§ **Provided material**:

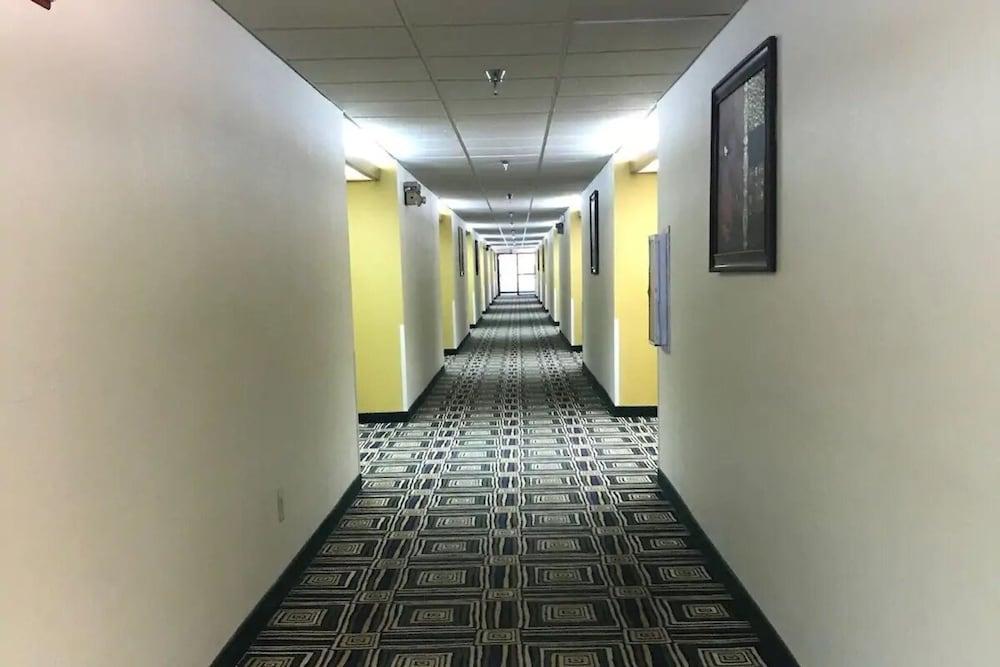 Blue Way Inn Eagan Extended Stay — 4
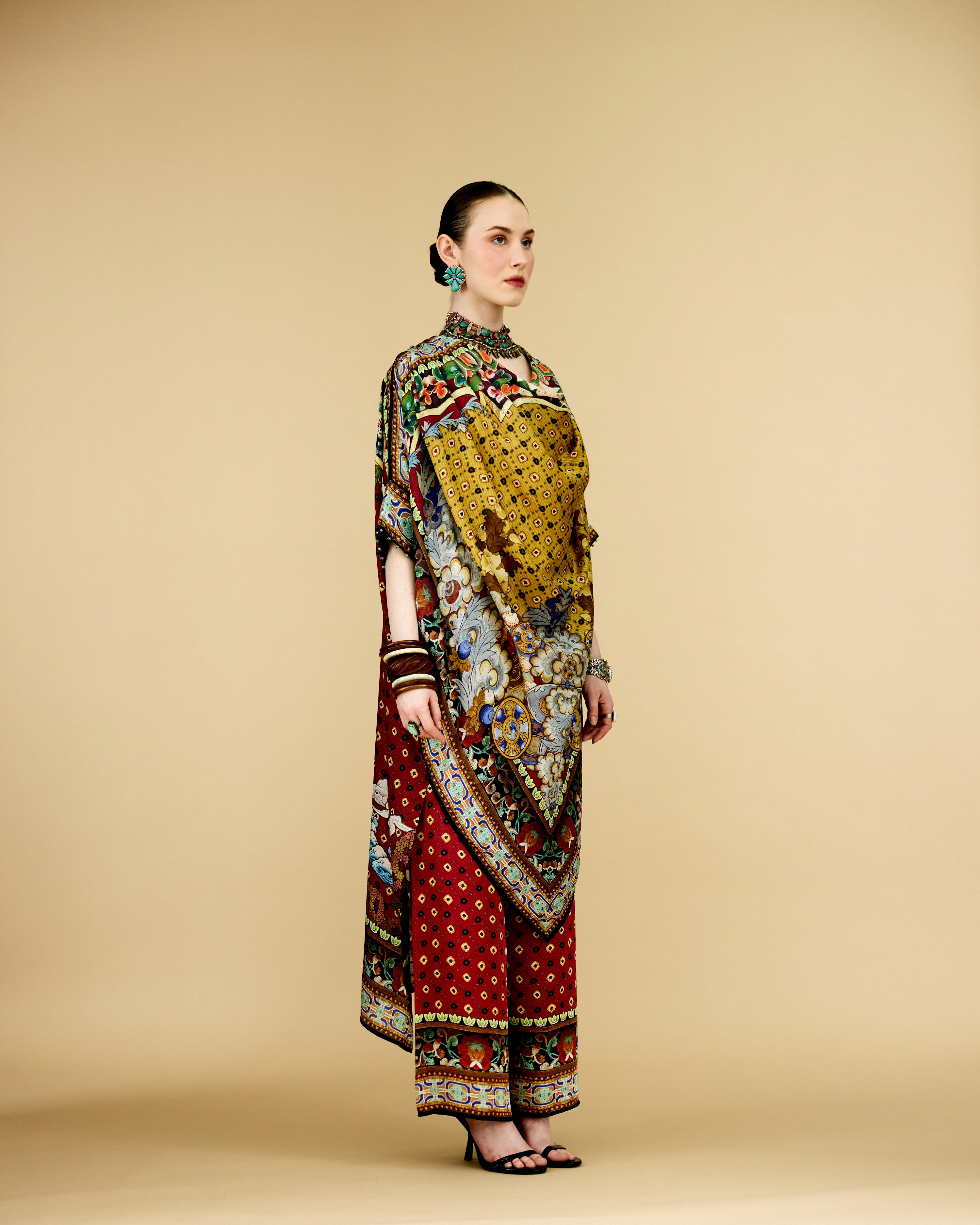 Ladakh : Montijo -Gold/Red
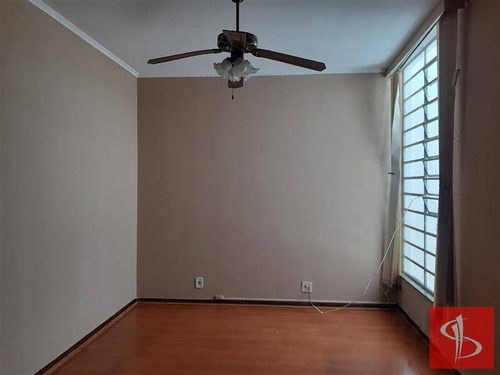 Imagem 2 de 8 de Casa Com Ótima Localização E Reformada. - 397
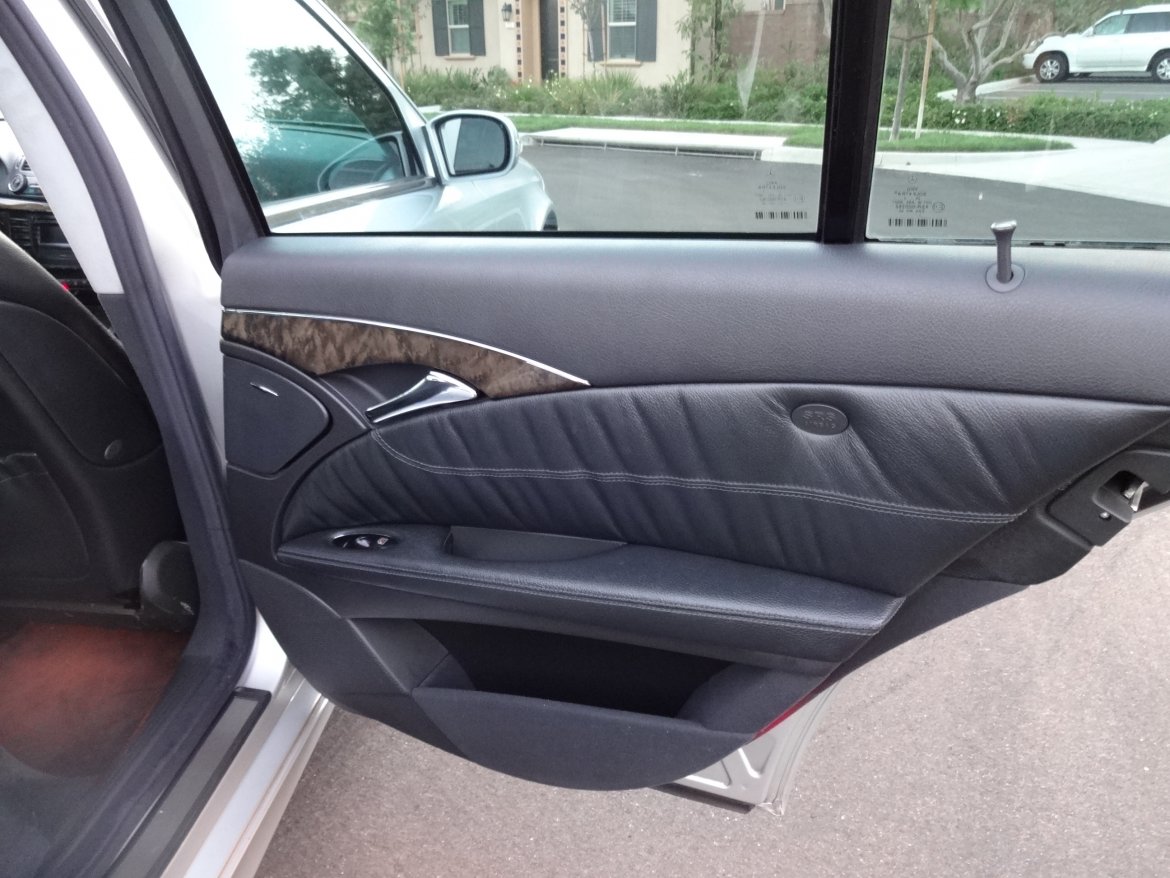 Photo of Sedan for sale: 2003 Mercedes-Benz E-320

§ **Activity**:
Everything from the line containing "Ladakh : Montijo -Gold/Red" through the last line of the listing above must be output exactly, except the pictures.

§ **Your solution**:
 Ladakh : Montijo -Gold/Red
 Imagem 2 de 8 de Casa Com Ótima Localização E Reformada. - 397
 Photo of Sedan for sale: 2003 Mercedes-Benz E-320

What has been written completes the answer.